-- Source data follows --
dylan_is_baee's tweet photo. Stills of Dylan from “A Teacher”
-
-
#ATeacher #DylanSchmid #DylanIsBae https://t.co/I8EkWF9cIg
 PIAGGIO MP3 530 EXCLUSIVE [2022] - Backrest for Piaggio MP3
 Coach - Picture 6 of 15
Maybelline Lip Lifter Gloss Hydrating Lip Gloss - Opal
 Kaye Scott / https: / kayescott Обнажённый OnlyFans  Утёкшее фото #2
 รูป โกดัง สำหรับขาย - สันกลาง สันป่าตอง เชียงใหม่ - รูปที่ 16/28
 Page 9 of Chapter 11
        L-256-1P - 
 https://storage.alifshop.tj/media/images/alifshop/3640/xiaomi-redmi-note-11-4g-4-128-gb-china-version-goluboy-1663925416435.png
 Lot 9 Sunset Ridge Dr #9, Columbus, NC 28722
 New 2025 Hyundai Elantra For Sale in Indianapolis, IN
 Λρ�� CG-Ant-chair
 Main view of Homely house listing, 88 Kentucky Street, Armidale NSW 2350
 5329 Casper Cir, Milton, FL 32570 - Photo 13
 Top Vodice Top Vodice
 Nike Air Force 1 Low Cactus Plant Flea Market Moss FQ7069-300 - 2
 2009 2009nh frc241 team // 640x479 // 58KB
-- Source data concluded --
- **Problem to work on**:
Write all the entries again precisely as they were given.

- **Completed task**:
dylan_is_baee's tweet photo. Stills of Dylan from “A Teacher”
-
-
#ATeacher #DylanSchmid #DylanIsBae https://t.co/I8EkWF9cIg
 PIAGGIO MP3 530 EXCLUSIVE [2022] - Backrest for Piaggio MP3
 Coach - Picture 6 of 15
Maybelline Lip Lifter Gloss Hydrating Lip Gloss - Opal
 Kaye Scott / https: / kayescott Обнажённый OnlyFans  Утёкшее фото #2
 รูป โกดัง สำหรับขาย - สันกลาง สันป่าตอง เชียงใหม่ - รูปที่ 16/28
 Page 9 of Chapter 11
        L-256-1P - 
 https://storage.alifshop.tj/media/images/alifshop/3640/xiaomi-redmi-note-11-4g-4-128-gb-china-version-goluboy-1663925416435.png
 Lot 9 Sunset Ridge Dr #9, Columbus, NC 28722
 New 2025 Hyundai Elantra For Sale in Indianapolis, IN
 Λρ�� CG-Ant-chair
 Main view of Homely house listing, 88 Kentucky Street, Armidale NSW 2350
 5329 Casper Cir, Milton, FL 32570 - Photo 13
 Top Vodice Top Vodice
 Nike Air Force 1 Low Cactus Plant Flea Market Moss FQ7069-300 - 2
 2009 2009nh frc241 team // 640x479 // 58KB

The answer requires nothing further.